WHAT YOU NEED TO DO >>
What is needed is an exact copy of the whole listing below, with no pictures.
########
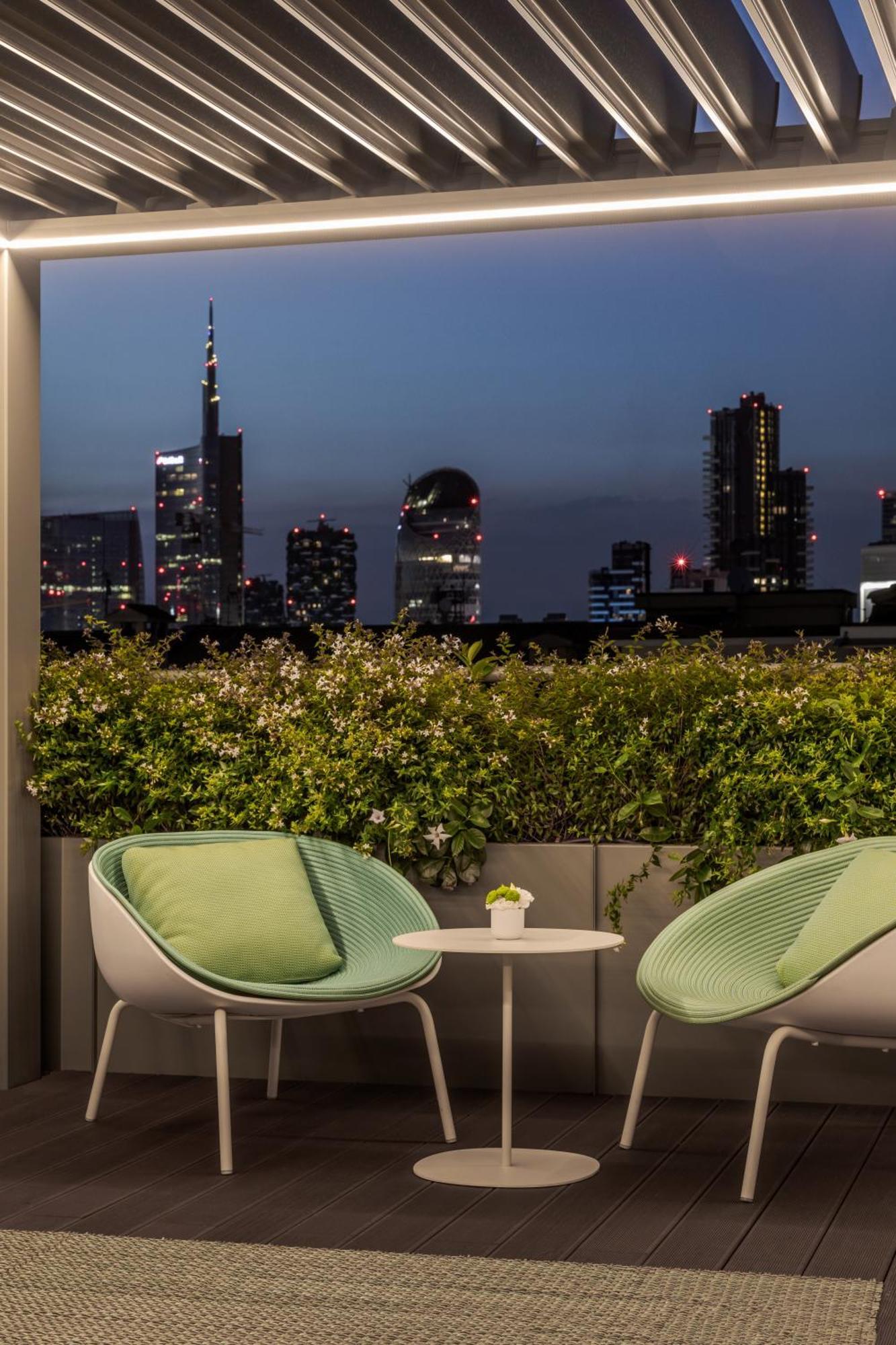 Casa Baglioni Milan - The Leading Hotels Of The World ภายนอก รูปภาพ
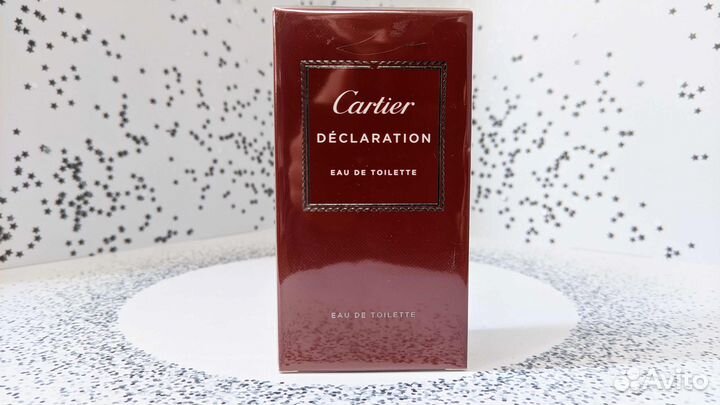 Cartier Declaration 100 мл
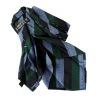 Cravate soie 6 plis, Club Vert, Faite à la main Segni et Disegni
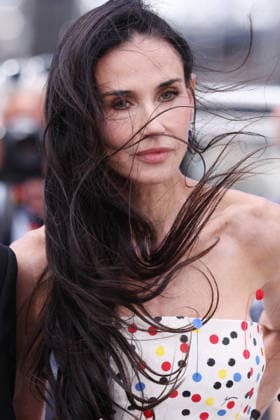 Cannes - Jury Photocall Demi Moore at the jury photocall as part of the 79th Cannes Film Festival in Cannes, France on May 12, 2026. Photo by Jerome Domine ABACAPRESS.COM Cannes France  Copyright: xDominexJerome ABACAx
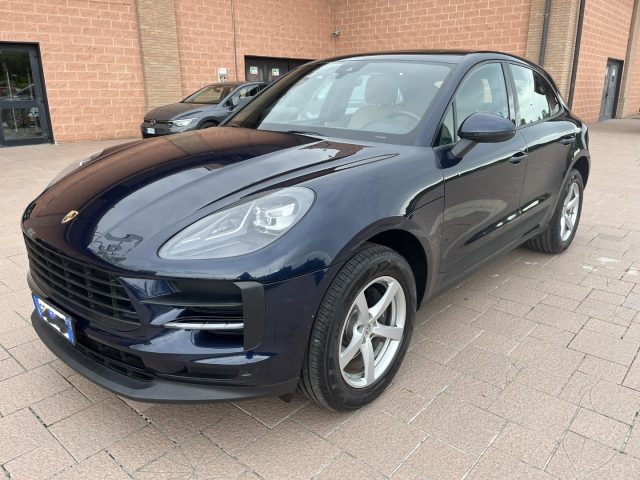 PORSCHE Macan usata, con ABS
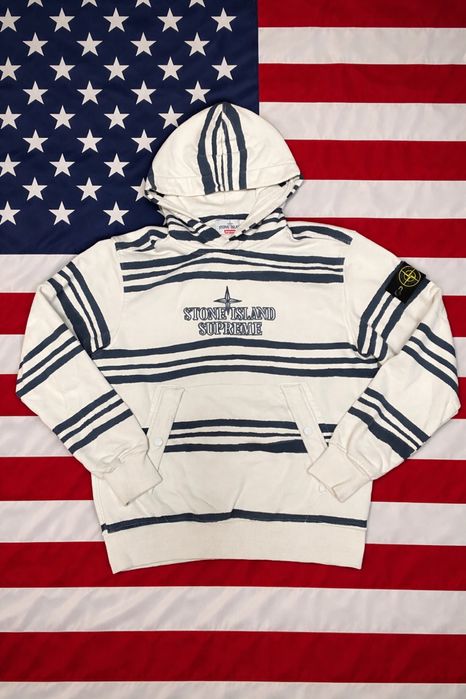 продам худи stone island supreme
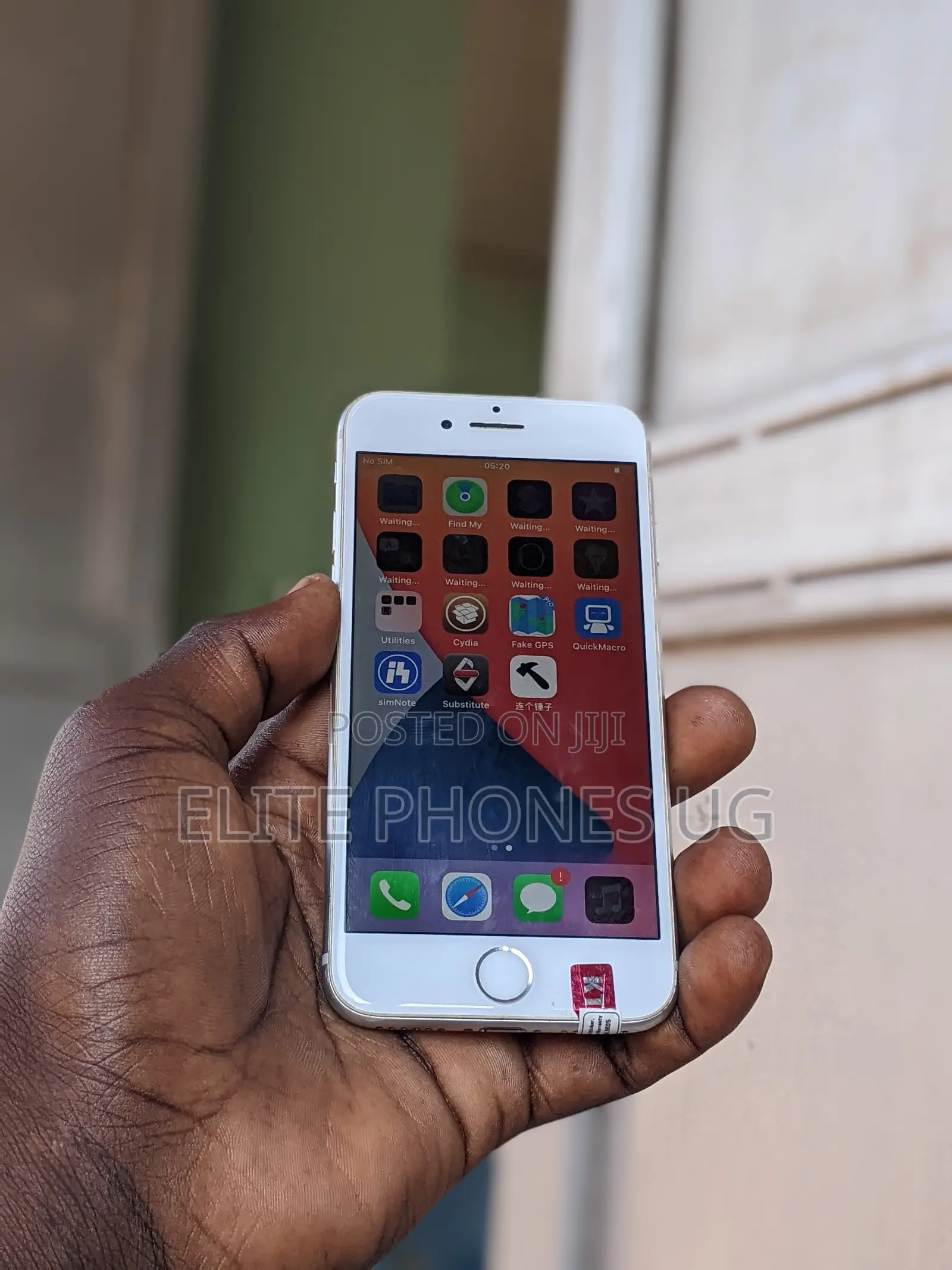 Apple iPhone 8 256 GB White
########
WRITTEN ANSWER >>
 Casa Baglioni Milan - The Leading Hotels Of The World ภายนอก รูปภาพ
 Cartier Declaration 100 мл
 Cravate soie 6 plis, Club Vert, Faite à la main Segni et Disegni
 Cannes - Jury Photocall Demi Moore at the jury photocall as part of the 79th Cannes Film Festival in Cannes, France on May 12, 2026. Photo by Jerome Domine ABACAPRESS.COM Cannes France  Copyright: xDominexJerome ABACAx
 PORSCHE Macan usata, con ABS
 продам худи stone island supreme
 Apple iPhone 8 256 GB White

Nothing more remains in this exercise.